Let's start by considering a vector space that is a natural generalization of the familiar ${\Bbb R}^n$, the set of all $n$-dimensional "arrows", i.e. ordered $n$-tuples of real numbers ${\bf x} = (x_1, x_2, x_3, \dotsc , x_n)$. We made this set into a vector space by defining vector addition and scalar multiplication as the obvious component-wise operations. We'll now look at an infinite-dimensional analog of this space.

Consider the set of infinite sequences ${\bf x} = (x_1, x_2, x_3, \dotsc)$ of real numbers which are square-summable, i.e. $\sum_{i=1}^{\infty}{x_i^2} < \infty$. We'll see the reason for this restriction in a moment. This is a subset of the set of functions ${\Bbb R}^{\Bbb N}$ which we will call $\ell^2$ (I'll explain this notation later in the post). We can give $\ell^2$ a vector space structure using the following definitions, completely analogous to the ${\Bbb R}^n$ ones:

The zero vector is the sequence of all zeros:

${\bf 0} = (0,0,0, \dotsc)$

Vector addition is defined component-wise:

$(x_1, x_2, x_3, \dotsc) + (y_1, y_2, y_3, \dotsc) \buildrel \rm{def} \over{=} (x_1 + y_1, x_2 + y_2, x_3 + y_3, \dotsc)$

Scalar multiplication is defined similarly:

$c \, (x_1, x_2, x_3, \dotsc) \buildrel \rm{def} \over{=} (cx_1, cx_2, cx_3, \dotsc)$

It is routine to show that this set with these definitions satisfies the vector space axioms, and thus we can refer to these sequences as "vectors".

Furthermore, since we are only considering sequences that are square-summable, thus excluding ones like $(1,1,1, \dotsc )$, we can define the $\ell^2$ norm of a vector/sequence to be $$
\|{\bf x}\|_{2} \buildrel \rm{def} \over{=} \sqrt{\sum_{i=1}^{\infty}{x_i^2}}
$$ and know that this infinite sum converges to a finite value.
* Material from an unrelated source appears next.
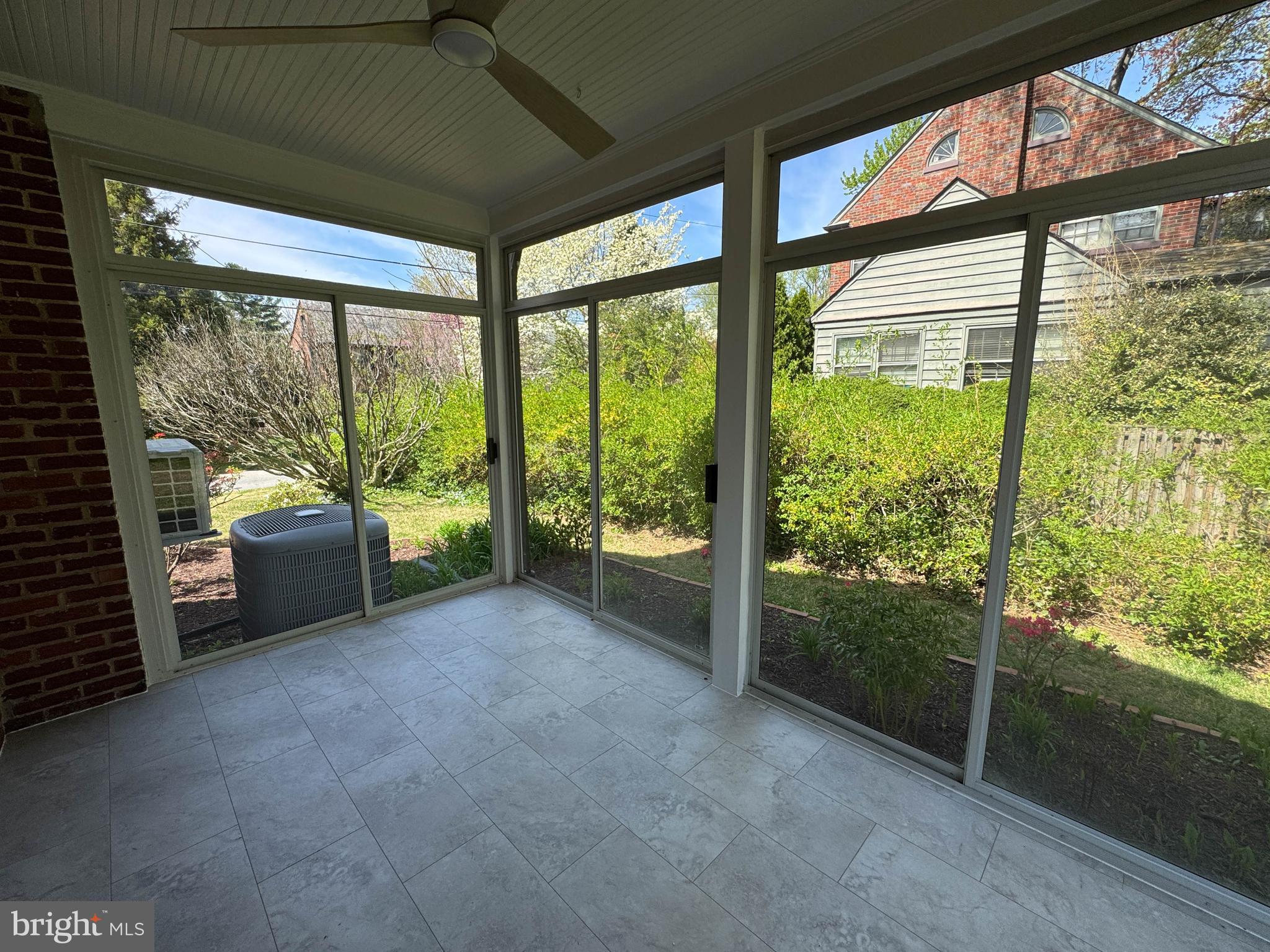 NORTH HILLS - Residential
Once again, this definition is very similar to the formula in ${\Bbb R}^n$. In the latter case, the norm was induced by the inner product in the sense that $\| {\bf x} \| = \sqrt{\langle {\bf x},{\bf x}\rangle}$. This is also the case for the norm in our space of sequences if we define the inner product using the formula $$
\langle {\bf x},{\bf y} \rangle \buildrel \rm{def} \over{=} \sum_{i=1}^{\infty}{x_i y_i}
$$ It is obvious that the above formula indeed defines an inner product, but there is one potential issue with this definition: we don't know a priori that the infinite sum on the right-hand side actually converges for any two square-summable sequences ${\bf x}$ and ${\bf y}$. That it does is a consequence of a version of the Cauchy-Schwarz inequality for infinite sums; at the end of the post, I will prove the more general Hölder's inequality, so for now, take my word for it that the series does converge, and thus that this inner product is well defined.

The $\ell^p$ spaces

The more general analogs of the $\ell^2$ space are the $\ell^p$ spaces, consisting of all sequences ${\bf x} = (x_1, x_2, x_3, \dotsc )$ for which $\sum_{i=1}^{\infty}{|x_i|^p} < \infty$. The larger we make $p$, the easier it is for the series to converge, as the sequence values less than 1 "drop off" more quickly. The $p$-series for ${\bf x} = (1, \tfrac{1}{2}, \tfrac{1}{3}, \tfrac{1}{4}, \dotsc )$ illustrate this concept perfectly (you may remember these from your Calc II class):

As a result, $\ell^p \subset \ell^s$ for $p<s$; put differently, $\ell^s$ contains more sequences than $\ell^p$, since the larger exponent $s$ makes it easier for the series $\sum_{i}{|x_i|^s}$ to converge.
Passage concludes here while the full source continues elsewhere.